Co-founded by dynamic frontman Patrick Baxley and crackerjack guitarist Michael Schaming and filled
out by the thunderous rhythm section of bassist Wes Pellerin and drummer Andy Dumiak, Hot Lava Monster has been scorching Southeastern ears for nigh on a decade, and the band’s volcanic rock has won it laud from Billboard magazine and such prestigious musical congresses as the Atlantis Music Conference.
But Hot Lava Monster’s success certainly hasn’t come overnight. Indeed, no band lands primo opening slots for the likes of Three Days Grace, Shinedown, Buckcherry, Cracker and Seven Mary Three without putting in a little blood, sweat and tears. And no band gets to record with such respected producers as John Briglevich and Sylvia Massy without having a keen drive and energy. And that protestant work ethic is something the band is known for.
That, and one killer live show.
“That’s what we do best,” says Dumiak. “Rock the fuck out and melt faces.”
It’s that reputation that caught the eye of Billboard magazine — the national music trade magazine
featured the band as part of its Billboard Underground online video series in the summer of 2007.
“And then we proceeded to play an acoustic set,” Baxley laughs. “But it was huge for us to be on such a huge web site and get that exposure.”
Veterans of the Atlantis Music Conference, the premier showcase for unsigned talent in the Southeast, the band was selected as a showcase artist at the 2008 conference and was included on the official artist compilation.

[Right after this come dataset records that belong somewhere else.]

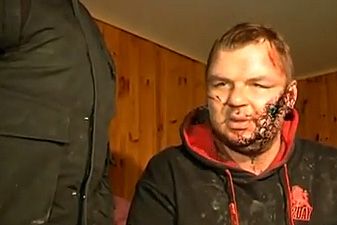 Dmytro Bulatov má pořezaný obličej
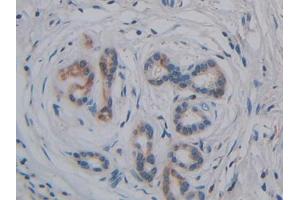 DAB staining on IHC-P;;Samples: Human Pancreatic cancer Tissue (GPLD1 Antikörper  (AA 496-840))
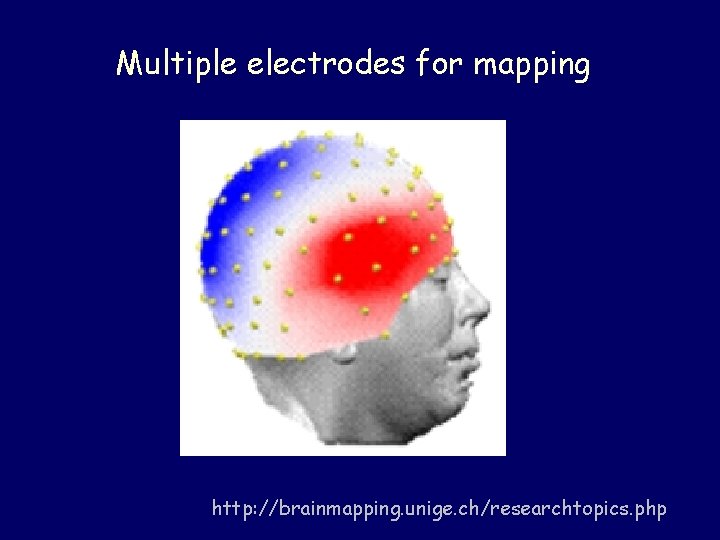 Multiple electrodes for mapping http: //brainmapping. unige. ch/researchtopics. php 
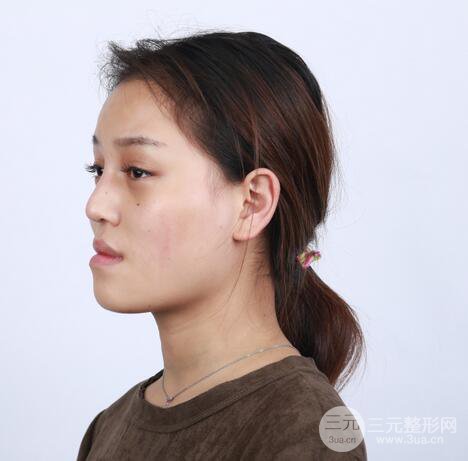 【下頜角+顴骨+下巴】全臉磨骨整形，術(shù)后的我人生開掛了！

“We were the only band that didn’t play along with some sort of backing track,” Schaming says.
“We were the only band that sounded like the instruments we were playing,” Baxley adds with a laugh.
Hot Lava Monster’s also enjoyed success outside of the Southeast. Copies of the band’s 2007 full-length, The Belly of a Whale, recorded with John Briglevich (Sevendust, Goo Goo Dolls) at Atlanta’s Sonica Studios, were distributed to radio stations across the United States to great success, particularly in Amarillo, Texas, where it charted over records by U2, Green Day, Cake and more.

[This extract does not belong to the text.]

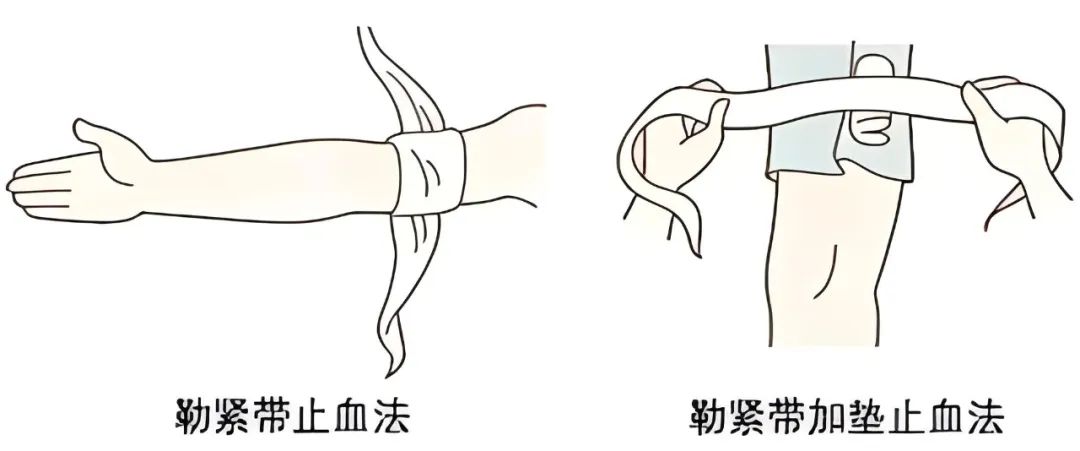 小伙手掌整个绞断,军医8小时成功"接活"!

“It was cool seeing my favorite bands on these top thirty lists,” Baxley says. “And then we were above
these bands.”

Indeed, since the release of Belly of a Whale in 2007, Hot Lava Monster has been one of the fastest rising bands in the Southeast. And the band notched another notable accomplishment in the summer of
2009, when it spent 10 days at RadioStar Studios with noted engineer and producer Sylvia Massy.

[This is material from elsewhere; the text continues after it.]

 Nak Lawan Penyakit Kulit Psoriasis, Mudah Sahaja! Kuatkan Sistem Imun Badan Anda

“It was like rock ‘n’ roll summer camp,” Schaming says of the experience in Weed, Calif.
Massy’s best known for her work with Tool; she engineered and produced the band’s seminal debut
Undertow. She’s also worked on Grammy-winning records with Rick Rubin (she engineered Johnny
Cash’s Unchained), and she’s worked with rock ‘n’ roll heavyweights System of a Down, Tom Petty and the Heartbreakers, Red Hot Chili Peppers and Slayer.
Perhaps most impressively, Massy personally responded to the band’s initial request to work with
her. In less than a couple of hours Massy was asking Hot Lava Monster to come out to Weed to record.
“I was surprised how quickly she got back to us,” Schaming says. “She said, ‘Yeah, I want to work with
you guys. Let’s make this happen.’”
“We basically told her we wanted to get more of a live sound,” Schaming says. “We said, let’s focus on strengths — and that’s cranking it up and rocking with a lot of energy.”
“And she definitely captured that for us,” Dumiak adds. Indeed, most tracks were captured in one or two takes.
“I was a little uneasy,” Baxley admits. “As someone who likes to get things perfect on record, I kind of felt like, ‘Well, are you sure you don’t want another vocal take?”
“I think it’s the best thing Hot Lava Monster’s ever done, and it’s the best thing I’ve ever been a part of,” Dumiak adds. “We’ve tapped into something that all four of us are excited about.”